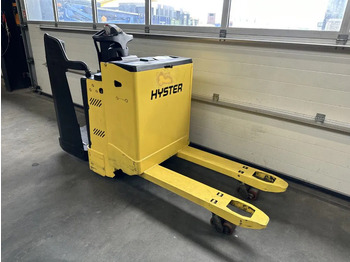 Låglyftar HYSTER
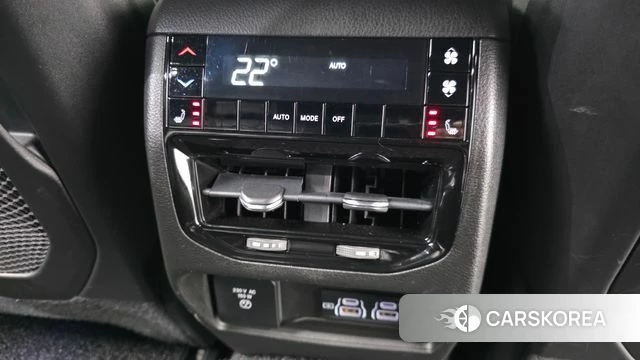Jeep Grand Cherokee (WL) id 4779704 из Кореи 8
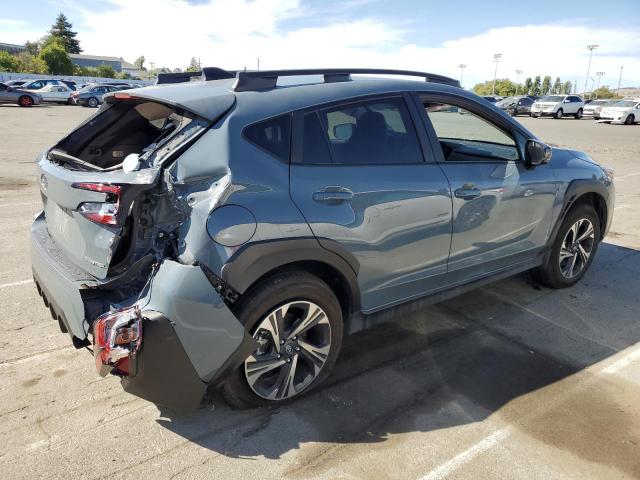2024 SUBARU CROSSTREK - JF2GUADC6R8209062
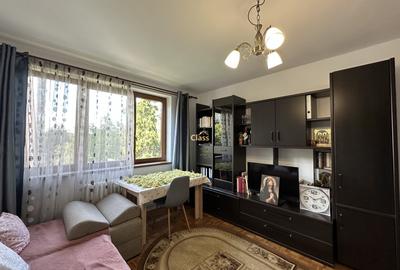 Apartament cu 2 camere semidecomandat, mobilat în Gheorgheni - 2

Exercise objective: Copy the listing exactly. Any image in it stays out of the copy.

Response to this task:
 Låglyftar HYSTER
Jeep Grand Cherokee (WL) id 4779704 из Кореи 8
2024 SUBARU CROSSTREK - JF2GUADC6R8209062
 Apartament cu 2 camere semidecomandat, mobilat în Gheorgheni - 2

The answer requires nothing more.